Another round. Another victory for him.

Then, unable to resist, he gave her a few light whacks on the backside with the flat of his blade—one, two, three—as if making sure the lesson stuck.

"That… that's not how a knight fights!" Daenerys laughed, fully aware of how ridiculous her position was.

"We're not playing at knighthood here," Viserys laughed with her. "We fight to win. Any means necessary. You were the one who taught me that first."

"Exactly how it should be," Eleonora agreed. "Win first, then pay the singers a few coppers to make it sound pretty. Throwing sand was a good idea, but you celebrated too early. Laugh after you've killed your enemy."

Viserys stood first and helped his sister up.

Daenerys brushed the dirt off herself and gripped her steel sword again.

"One more time!"

"Daenerys, enough. The Volantenes will be here soon. We need to greet them properly."

"Please, just one more before they arrive! I'm begging you…"

That familiar pleading tone brought back memories from Daemon Blackfyre's childhood.

How many times had he heard that voice? How many times had he given in?

To a large extent, it was because of this girl that Daemon Blackfyre had not only accepted his mysterious rebirth, but had truly begun to live this strange new life.

Everyone he once knew—friends and enemies alike—was long dead. His sons, his grandsons, all gone.

The house he had founded ended in failure, conspiracy, lost wars, and death, its final chapter written on the Stepstones.

The Blackfyre cause was dead, reduced to a hollow footnote in the margins of history books written by the victors.

When a man's entire history and legacy had turned to dust, did he still have any right to walk among the living?

Wouldn't it be easier to fall on a dagger and end the gods' cruel joke?

It was his young sister who had kept him here. Who made him stay, no matter what.

He had grown genuinely attached to this little girl who needed help and protection. She would sneak into his room, curl up beside him, hold him tight, and beg for stories.

He couldn't refuse her. Couldn't send her away. So he told her stories.

He told her about the wonders of Westeros—the Wall, the deserts of Dorne, the hills of the Westerlands, the black stone walls of Dragonstone.
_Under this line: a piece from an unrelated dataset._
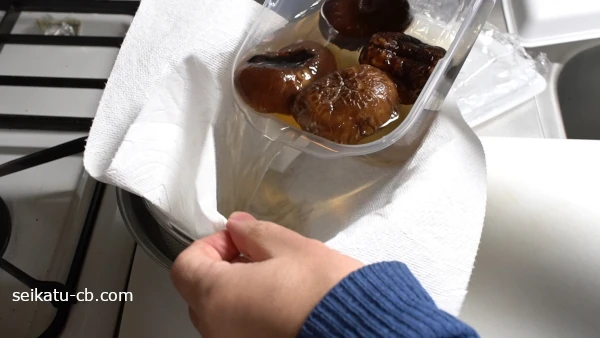 �������������Ǽ�ä��н��򤶤�Ǥ���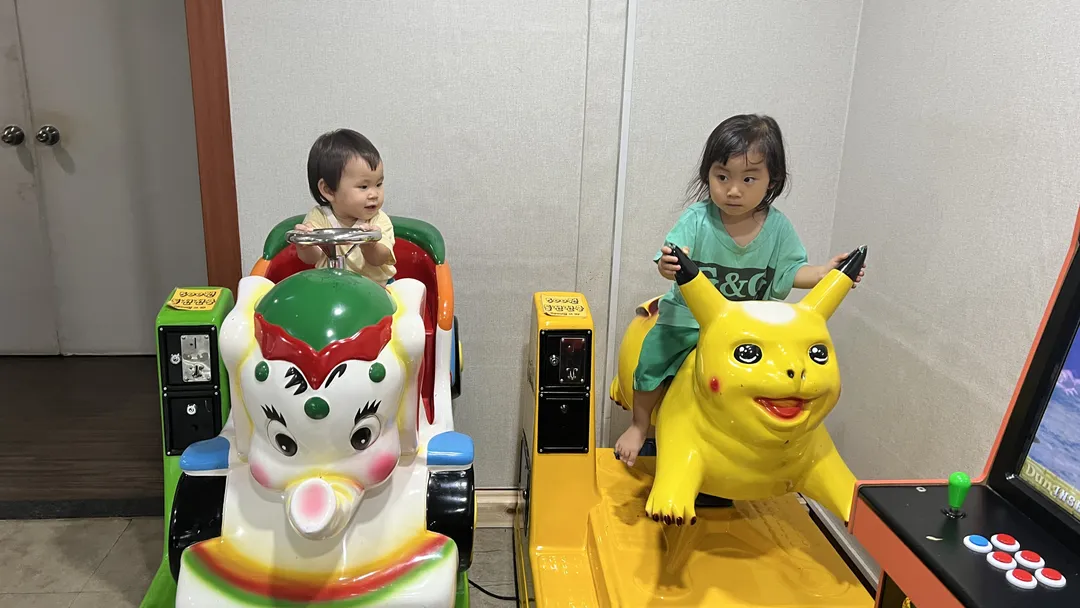 지앤지스파 사진 12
He spoke of Old Valyria's glory, that civilization built on blood and fire, and destroyed by blood and fire.

He told her of Aegon the Conqueror and his sisters, of wise King Jaehaerys, of the brave brothers of the Night's Watch.

He spoke of two Daemons—the Cruel Prince Maegor and the ambitions of the Blackfyre Pretender.

Night after night, Daemon realized how precious this girl had become to him.

He loved seeing her smile. Loved hearing her laugh.

After Darry died, he understood clearly: without him, this child wouldn't survive. Her best fate would be a Lysene brothel. Her worst, a corpse rotting in a ditch.

He couldn't abandon her to danger, and he refused to take the coward's way out. Too many ghosts waited for him on the other side—the fallen of Redgrass Field and countless other battles. Their deaths could not be meaningless.

Since the gods had sent Daemon back to this world, he would seize this second chance. For his children and friends, for his comrades and brothers-in-arms, and for this new sister he had come to love as his own.

He had accepted another man's name without shame and called himself "Viserys Targaryen."

During their years wandering the Free Cities, Daenerys had grown up fast—far faster than her age suggested.

When her brother began his dangerous life as a sellsword, she had no choice but to follow him from camp to camp.

He and Eleonora protected her fiercely—shielding her from men who wanted to harm young girls, from disease, from the endless violence.

Now she trained with the sword, studied history, languages, and courtly manners. Not long ago she had even embroidered a personal banner for him.

If everything went well, one day she would become his queen.